FWIW, the “reordering” part is absolutely anticipated as part of the system. If there are more pending transactions than will fit in a block, miners have to figure out which ones to include. People who want to give their transaction priority can include a tip that goes to the miner. The miners will then reorder the transactions to include the most generous tips in the pending block in order to maximize their take.
Jim, Foolish Literalist
brendancalling
@Almost Retired: my ex is a Ukrainian immigrant. During the pandemic i reached out a couple of times to make sure she was OK, but never got a response.
I posted the thread from that West Point trainer on how civilians can fight back an invasion, and got a message saying “thank you, Brendan!”
Do not mess with Ukrainians.
Emma from Miami
@Gravenstone: Jesus Christ, did I need that visual?
debbie
@JPL:
As long as it doesn’t hurt Ukrainian efforts.
Ken
@Almost Retired: Crypto is designed for a world where none of the participants trust one another. That means that before an entry can be added to the (world-readable) ledger, all the participants have to agree that the entry should be made.

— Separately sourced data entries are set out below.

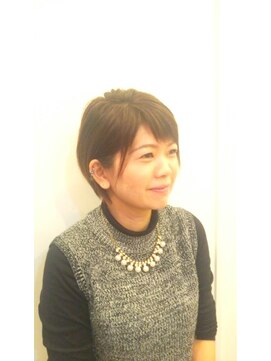 ヘアーアンドメイク ルシア(hair&make Lucia) 耳かけボブ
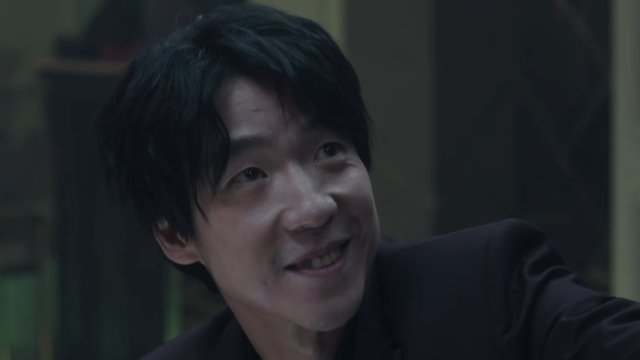 《扫黑风暴》这部热播剧中，徐英子咬桌角是什么意思？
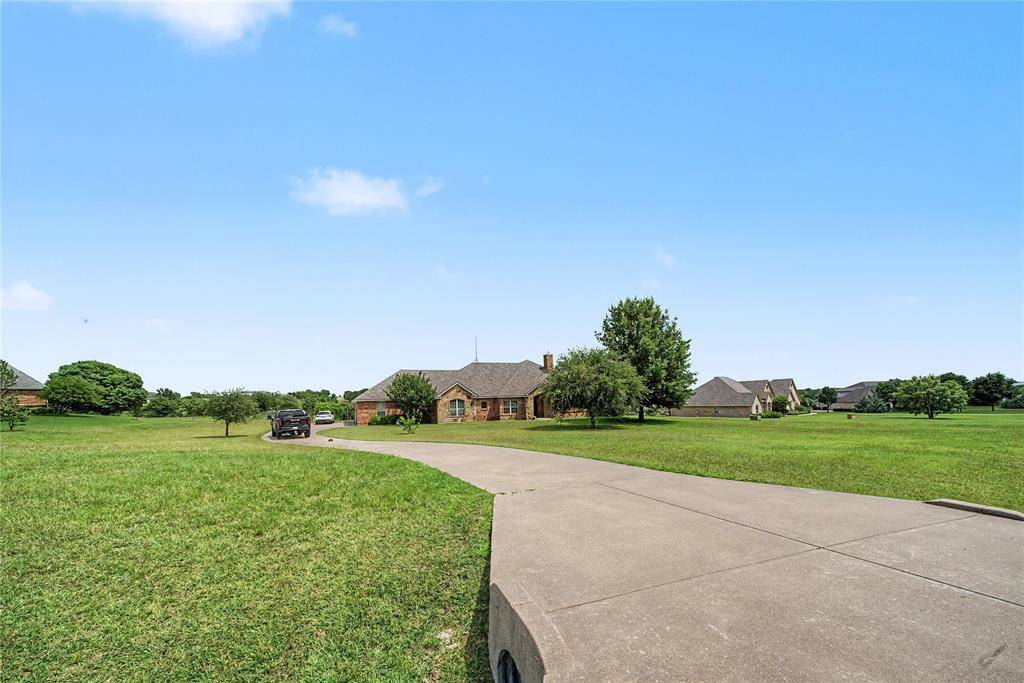 130 Aledo Grove Court, Fort Worth, TX 76126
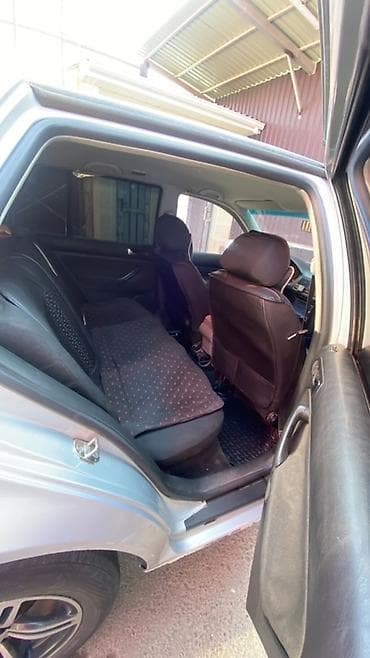 Продажа авто: Volkswagen Golf GTI: 1999 г., 1.4 л, Механика, Бензин, Хэтчбэк — 8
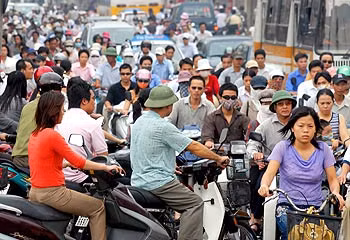 Liệu Bộ trưởng có đơn độc trong cuộc chiến lâu dài để giải bài toán giao thông vốn “chưa có lời giải” trong suốt thời gian qua? Liệu Bộ trưởng có đơn độc trong cuộc chiến lâu dài để giải bài toán giao thông vốn “chưa có lời giải” trong suốt thời gian qua?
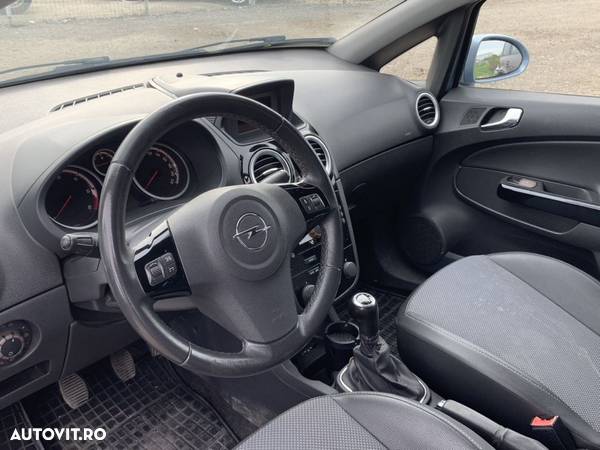 Opel Corsa - 15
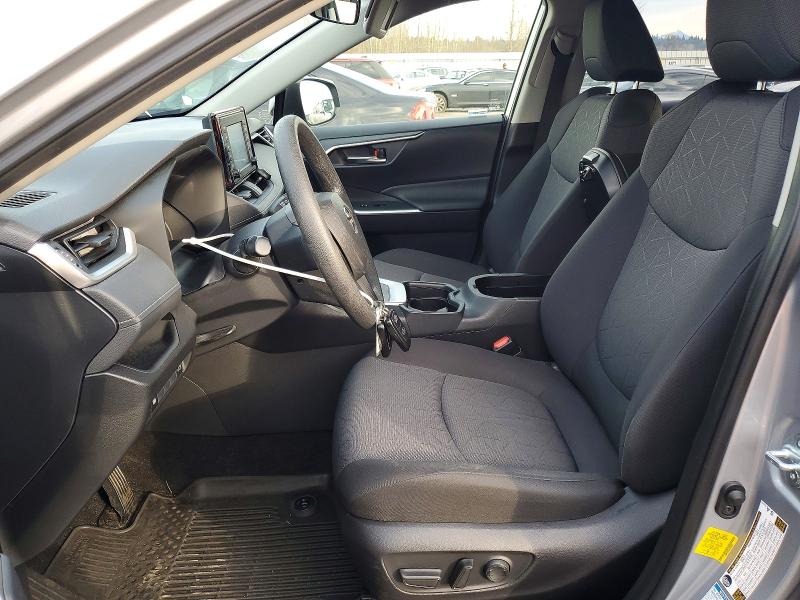 Фото 7 - TOYOTA RAV4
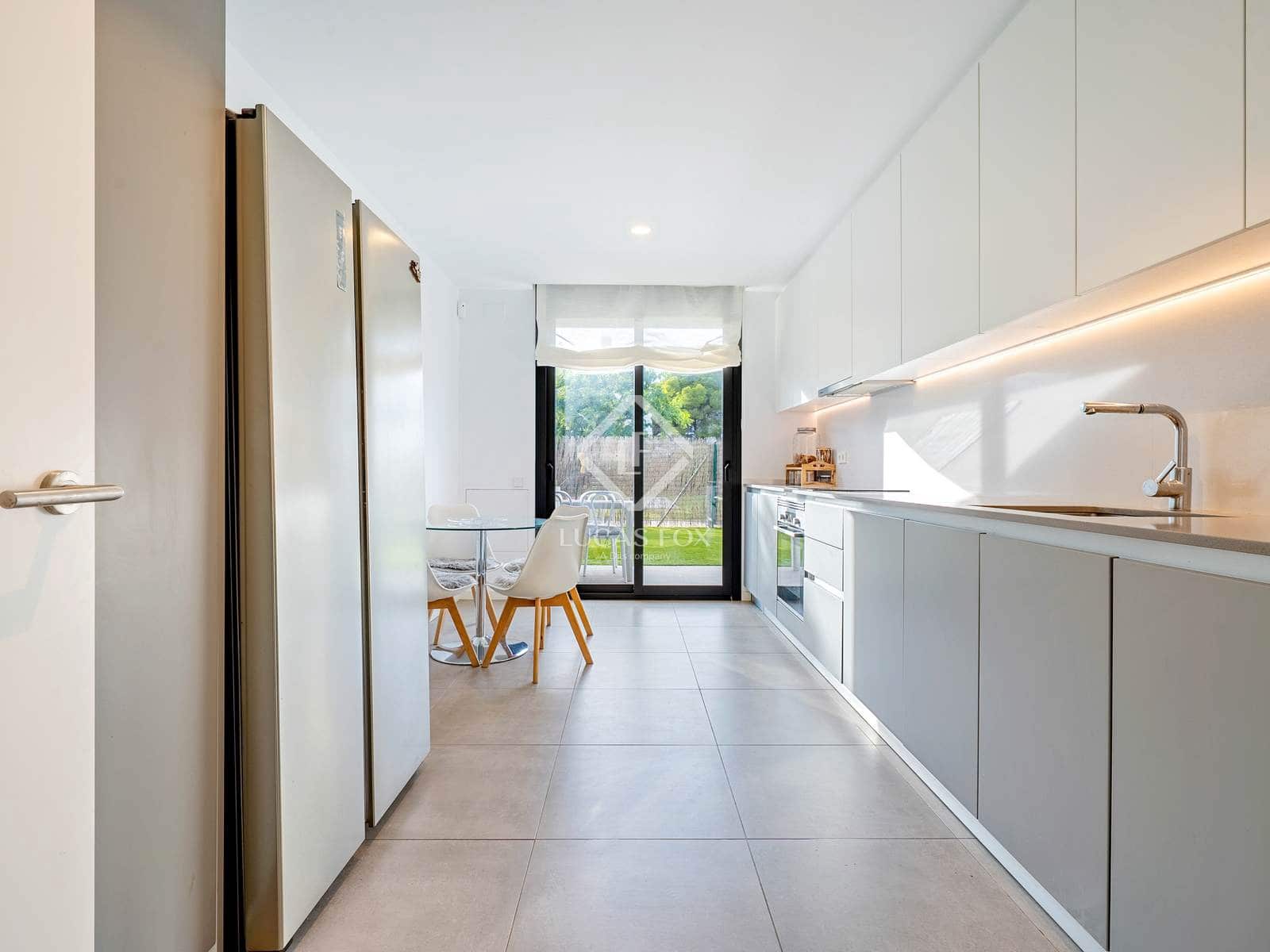 5 slaapkamer Villa te koop in Coma-Ruga met zwembad garage - € 780.000 (Ref: 9405881)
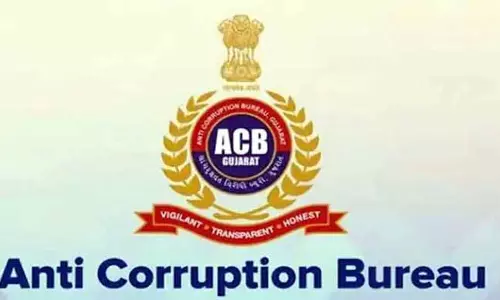 ACB ने पटवारी को रिश्वत लेते गिरफ्तार किया ACB ने पटवारी को रिश्वत लेते गिरफ्तार किया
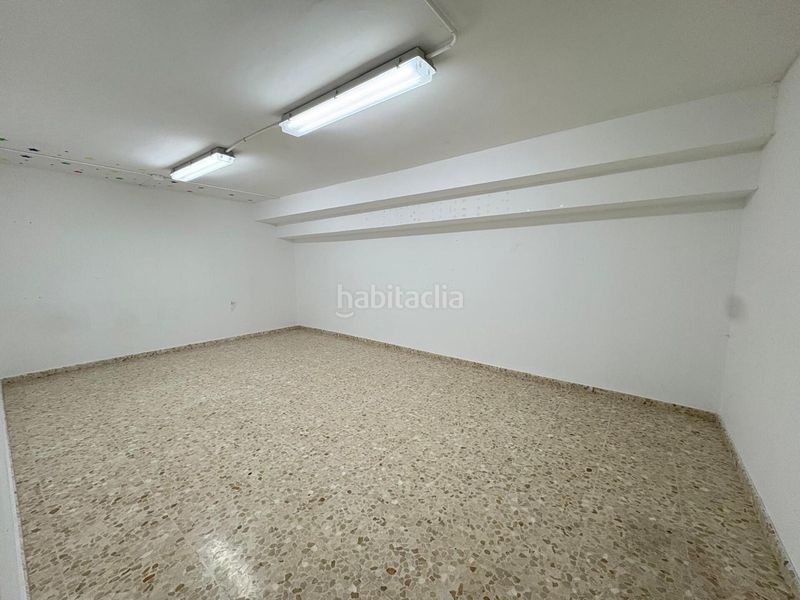 Foto 0af2d021-08ab-49c0-ad72-08e9937ef6b2. Local comercial a Centro Lucena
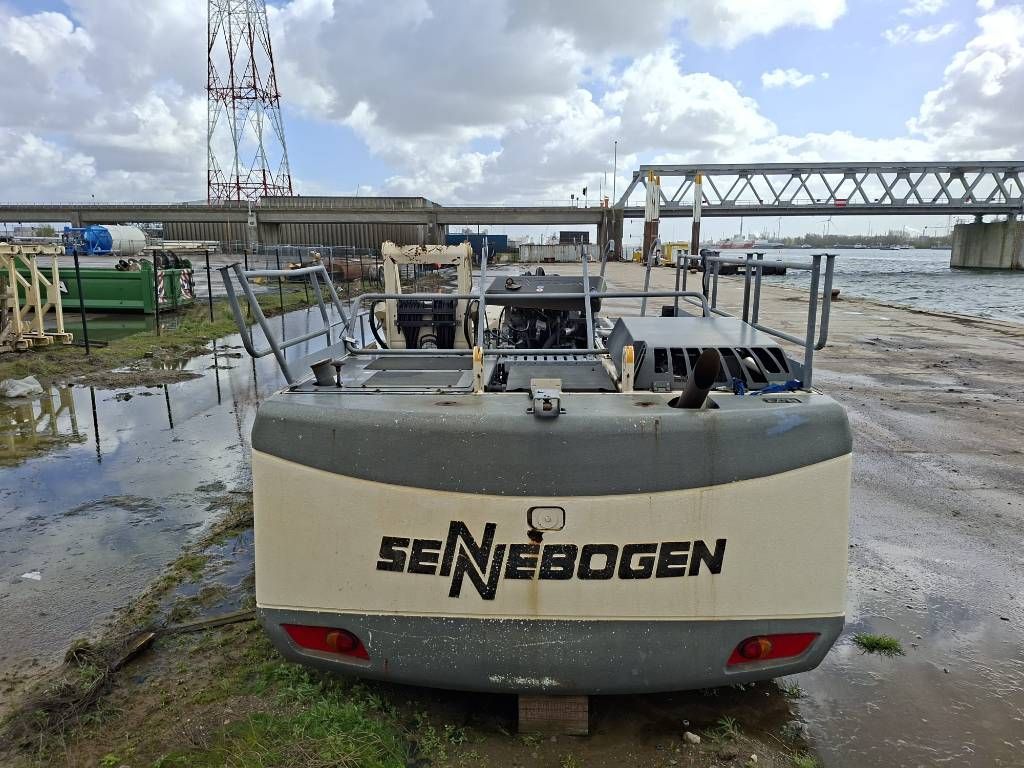 Sennebogen 830E K17 (only upperstructure with damaged cabin)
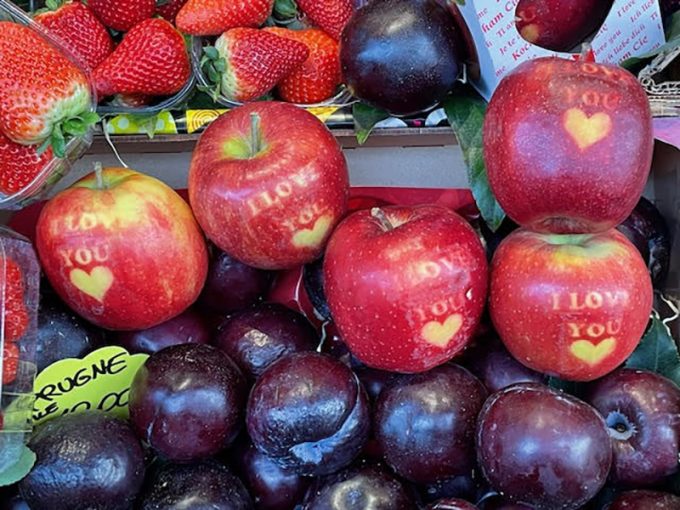 スーパーで見つけた可愛いリンゴ
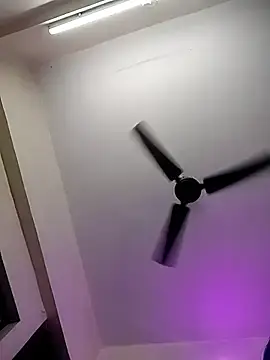 Stripchat Adult Webcam of kaamuk_shweta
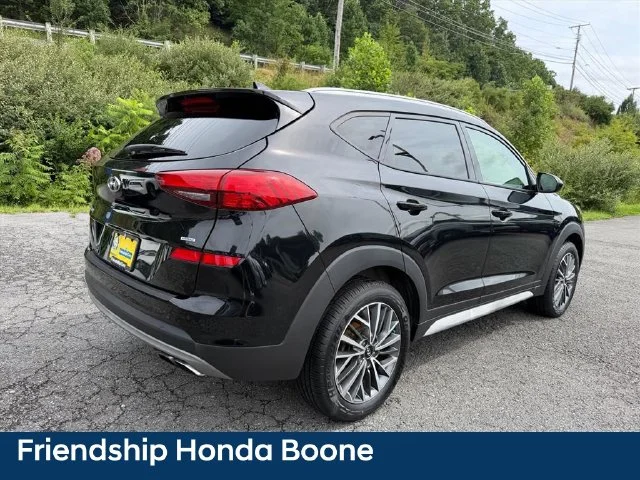 Used 2021 Black Hyundai SEL image 11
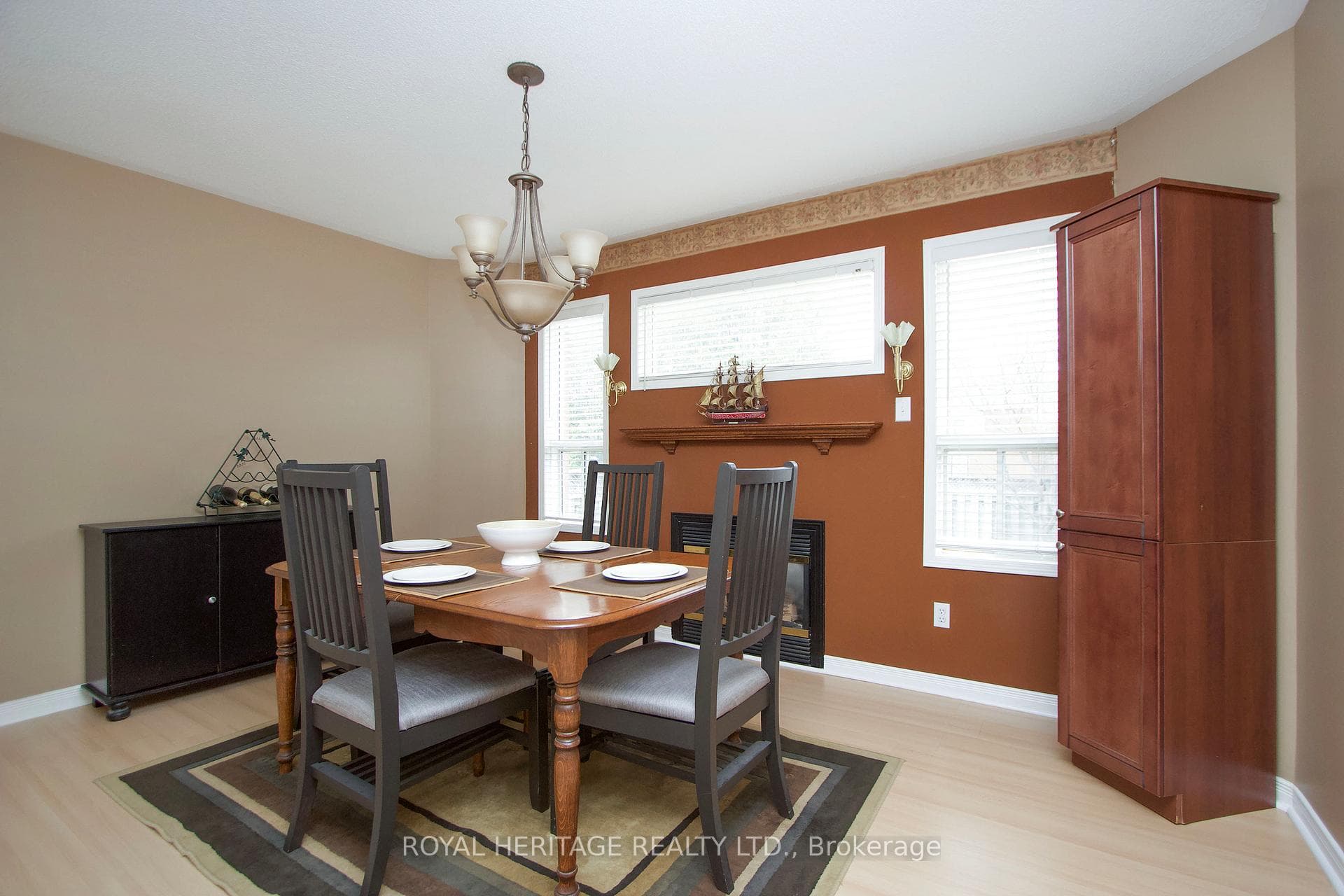92 Booth Crescent photo 9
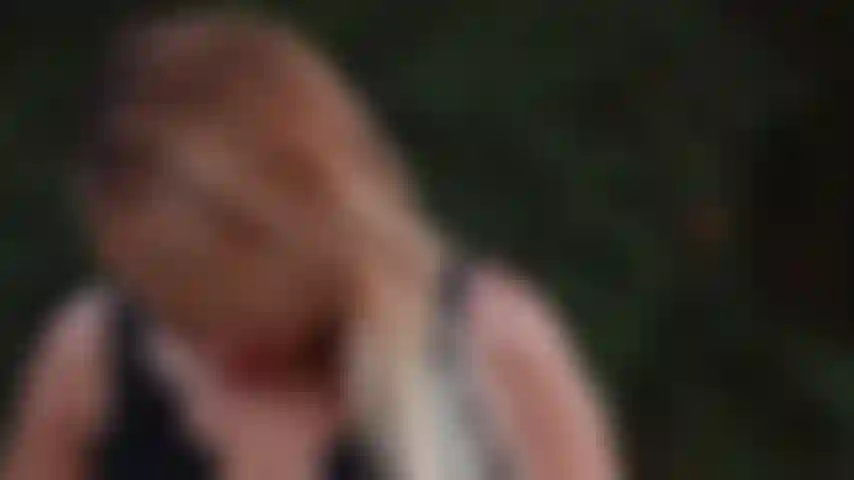 Seduzione lilith, bouyeur, nuda nel lago, masturbazione, bionda sexy, toccante figa rasata, dita nel culo, tette.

That requires the servers to exchange data that shows the entry should be accepted, so each server can individually decide to modify their copy of the ledger.
This problem has been studied (see the link I provided) and is called “Byzantine consensus”. One of the early results, which as far as I know is still valid, is that there is no algorithm that can reach consensus if over one-third of the participants are “traitors” who are trying to prevent consensus. Also, if over two-thirds are traitors they can impose their own consensus on the network.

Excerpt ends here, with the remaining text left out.